YOUR GOAL:
Only the lines from the one with "Det andre soverommet" through the final line below belong in the answer, copied exactly and without pictures.

Dataset items:
***

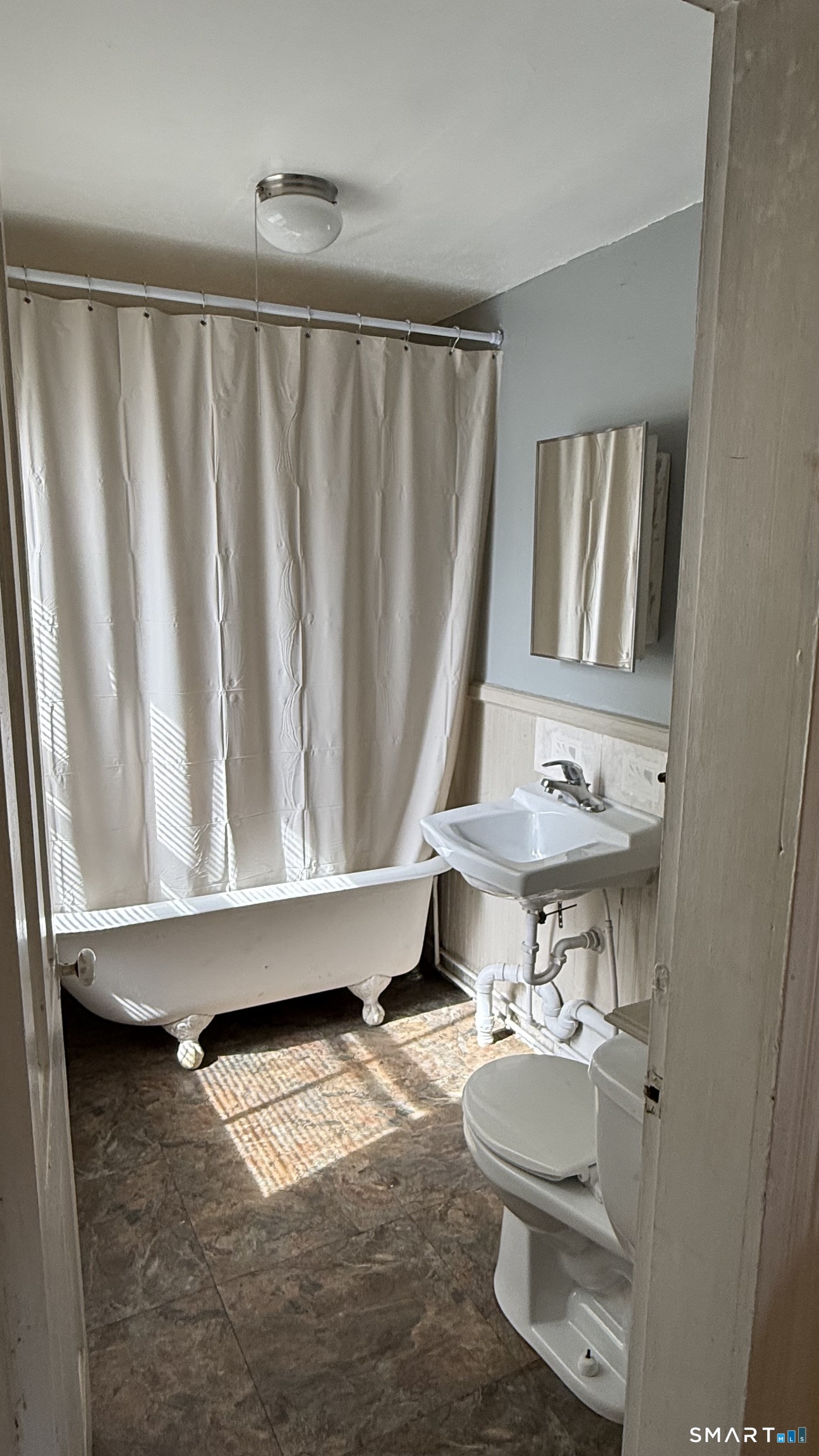 122 Hull Street photo 27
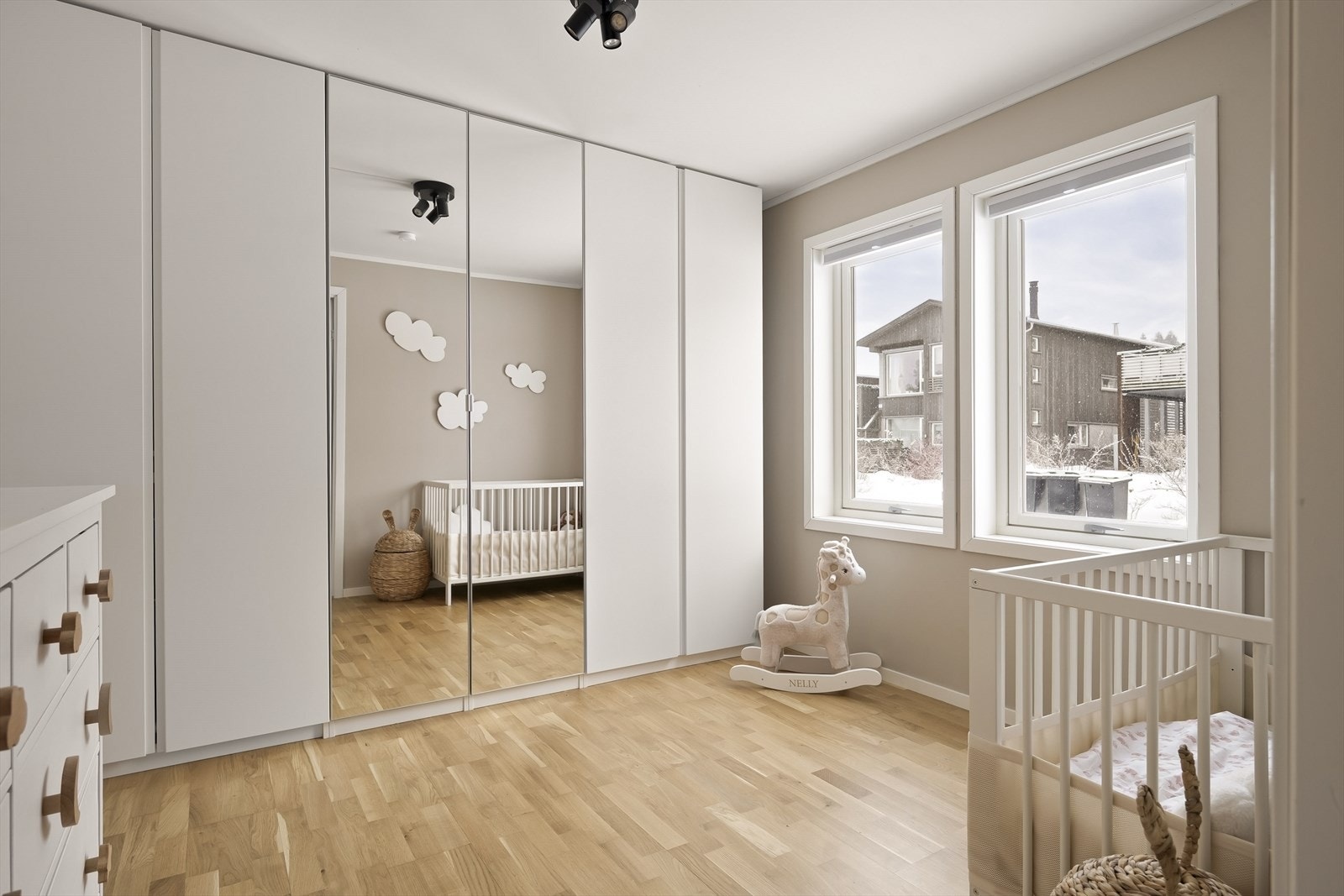 Det andre soverommet egner seg godt som barnerom, gjesterom eller kontor. Galleribilde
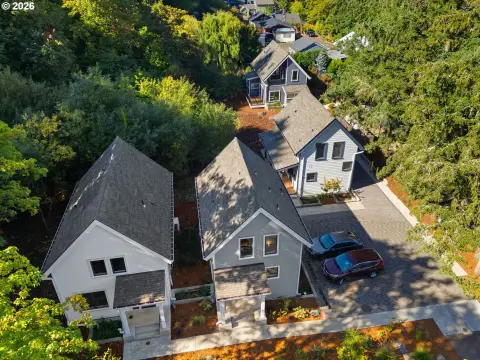 5-Cottage Multifamily Property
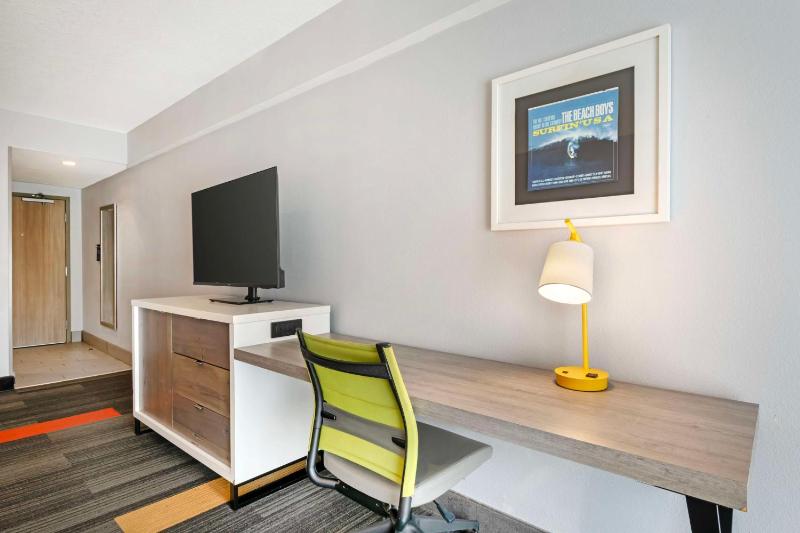 Queen Room with Two Queen Beds - City View image 3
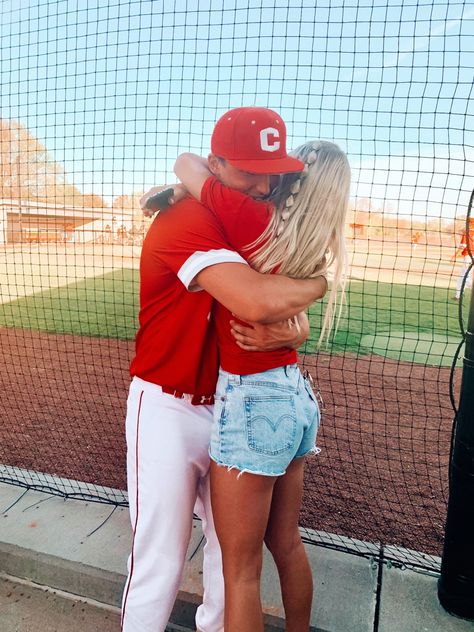 Baseball Pictures With Girlfriend, Baseball Picture Ideas Couples, Baseball And Cheer Couple, Cute Baseball Gf Outfits, Cute Baseball And Softball Couples, Cute Aesthetic Couple Pics Baseball, Baseball Cheerleader Couple, Preppy Boyfriend And Girlfriend, Baseball And Dancer Couple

***

FINAL ANSWER:
 Det andre soverommet egner seg godt som barnerom, gjesterom eller kontor. Galleribilde
 5-Cottage Multifamily Property
 Queen Room with Two Queen Beds - City View image 3
 Baseball Pictures With Girlfriend, Baseball Picture Ideas Couples, Baseball And Cheer Couple, Cute Baseball Gf Outfits, Cute Baseball And Softball Couples, Cute Aesthetic Couple Pics Baseball, Baseball Cheerleader Couple, Preppy Boyfriend And Girlfriend, Baseball And Dancer Couple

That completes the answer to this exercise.